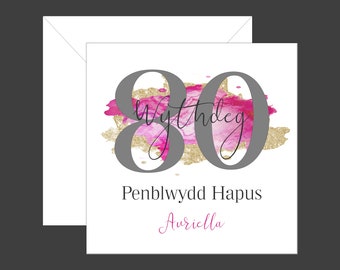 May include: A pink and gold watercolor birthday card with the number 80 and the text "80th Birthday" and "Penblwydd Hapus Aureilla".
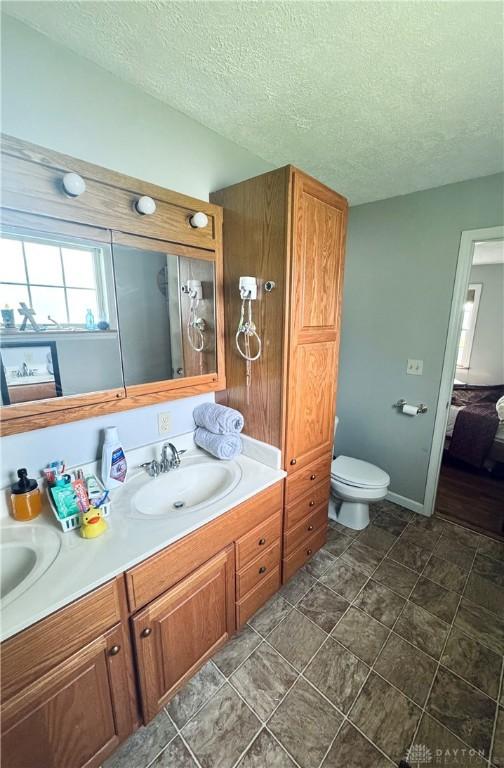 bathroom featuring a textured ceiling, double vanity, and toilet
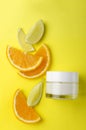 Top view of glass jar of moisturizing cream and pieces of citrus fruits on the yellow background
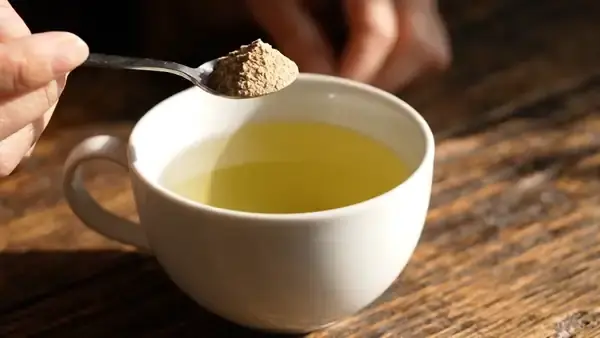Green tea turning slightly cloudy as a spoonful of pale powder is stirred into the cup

---

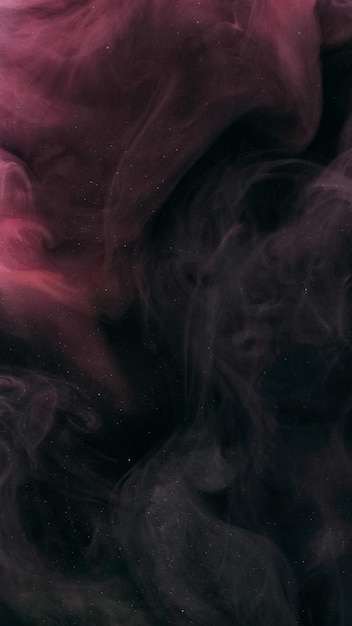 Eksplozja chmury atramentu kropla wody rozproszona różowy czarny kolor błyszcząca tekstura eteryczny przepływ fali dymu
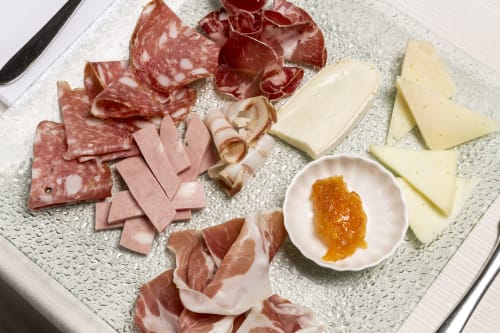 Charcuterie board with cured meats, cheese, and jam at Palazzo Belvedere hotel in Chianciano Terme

--

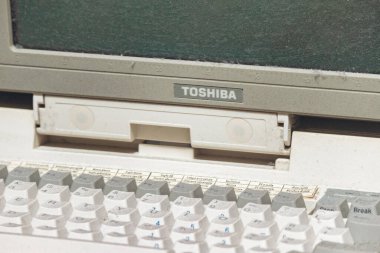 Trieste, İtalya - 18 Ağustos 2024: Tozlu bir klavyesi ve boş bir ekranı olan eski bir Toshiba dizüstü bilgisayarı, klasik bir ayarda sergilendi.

§ ASSIGNED TASK: Everything from the line above that contains "Eksplozja chmury atramentu" down to the line that contains "Charcuterie board with" must be reproduced exactly, both ends included. Omit the pictures.

§ SOLUTION FOR THIS PROBLEM:
 Eksplozja chmury atramentu kropla wody rozproszona różowy czarny kolor błyszcząca tekstura eteryczny przepływ fali dymu
 Charcuterie board with cured meats, cheese, and jam at Palazzo Belvedere hotel in Chianciano Terme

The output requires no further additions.